Look low in the southern sky of the UK around 11pm BST on Thursday, 23 August and, if you have a low-power binocular, you might just get the waxing 12-day-old Moon and planet Mars in the same field of view as they are only 6.6 degrees apart. Although you will have difficulty detecting it by the glare of the Moon, this field also contains magnitude +8.5 globular cluster Messier 75. AN graphic by Ade Ashford.
The Red Planet may be almost four weeks past opposition, but it’s still an imposing sight low in the southern sky around local midnight. But if you are in any doubt about identifying it, the waxing gibbous Moon acts as a convenient celestial guide late into the UK evening of Thursday, 23 August.
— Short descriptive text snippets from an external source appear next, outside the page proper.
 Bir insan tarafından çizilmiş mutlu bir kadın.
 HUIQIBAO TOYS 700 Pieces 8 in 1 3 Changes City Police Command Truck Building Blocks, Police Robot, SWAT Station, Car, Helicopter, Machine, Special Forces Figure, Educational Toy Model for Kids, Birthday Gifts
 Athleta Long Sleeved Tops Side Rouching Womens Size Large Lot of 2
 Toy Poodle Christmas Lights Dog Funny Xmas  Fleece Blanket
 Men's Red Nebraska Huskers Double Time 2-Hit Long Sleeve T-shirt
At 11pm BST on this night the 12-day-old Moon and Mars are separated by just 6.6 degrees, hence the pair can just squeeze into the same field of view of 7× binoculars.
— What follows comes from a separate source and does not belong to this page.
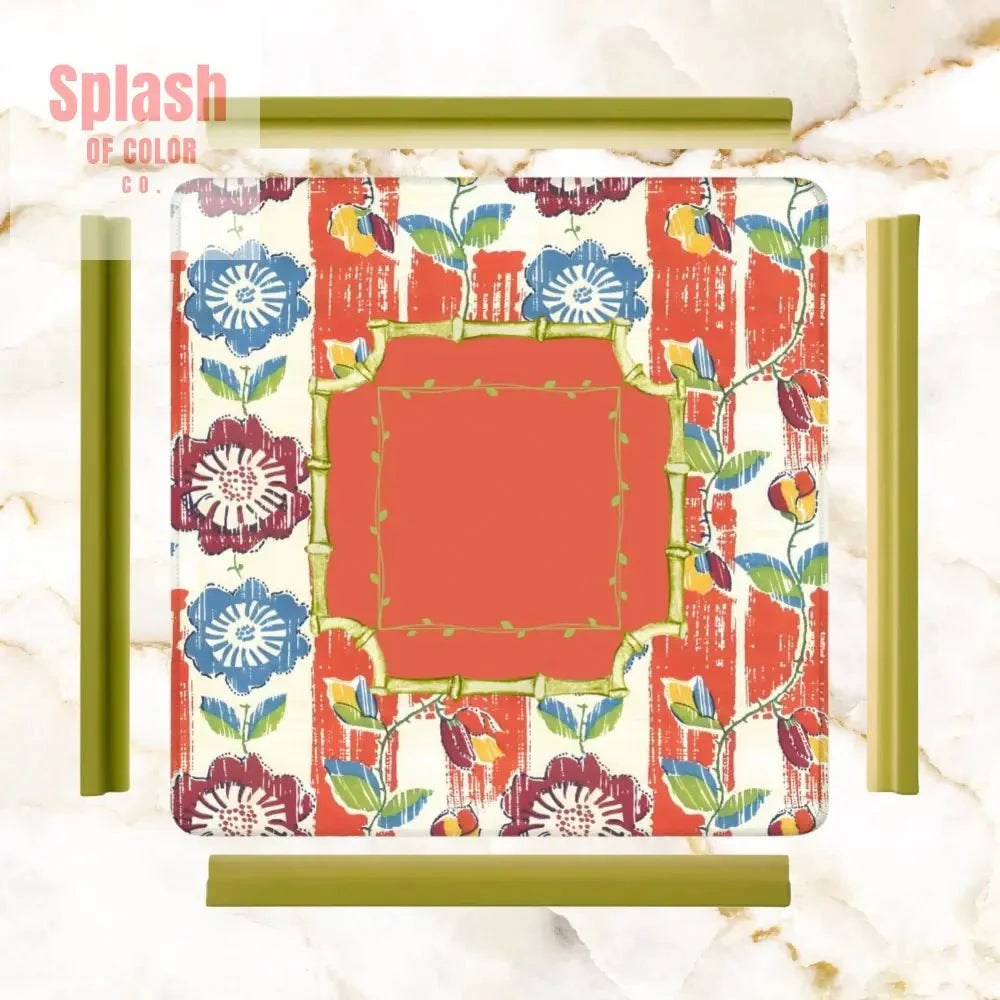 Vintage Floral Heritage Collection Mahjong Coral Blue Game Mat Mahjong Mat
On the night of 23 August 2018 Mars lies in the constellation of Capricornus bordering on Sagittarius, the Red Planet burning with a magnitude -2.3 ochre glow. It lies 63.1 million kilometres (39.2 million miles) distant, hence its 96 percent illuminated gibbous disc spans 22.2 arcseconds in angular size.
The waxing Moon lies 403,900 kilometres (251,000 miles) from the heart of the British Isles at 11pm BST this night, which means that the Red Planet is 156 times farther away. However, the latter only requires a telescope magnifying 80× to enlarge it to the same apparent size as the Moon to the unaided eye.
Telescope owners have a bonus as Messier 75 lies just 3¼ degrees from the Moon tonight, but the magnitude +8.5 globular cluster will be seriously impaired by the lunar glare. If you do manage to locate M75 (also known as NGC 6864), spare a thought that this concentrated ball of stars some 130 light-years in diameter lies at a distance of 67,500 light-years, well beyond the centre of the Galaxy.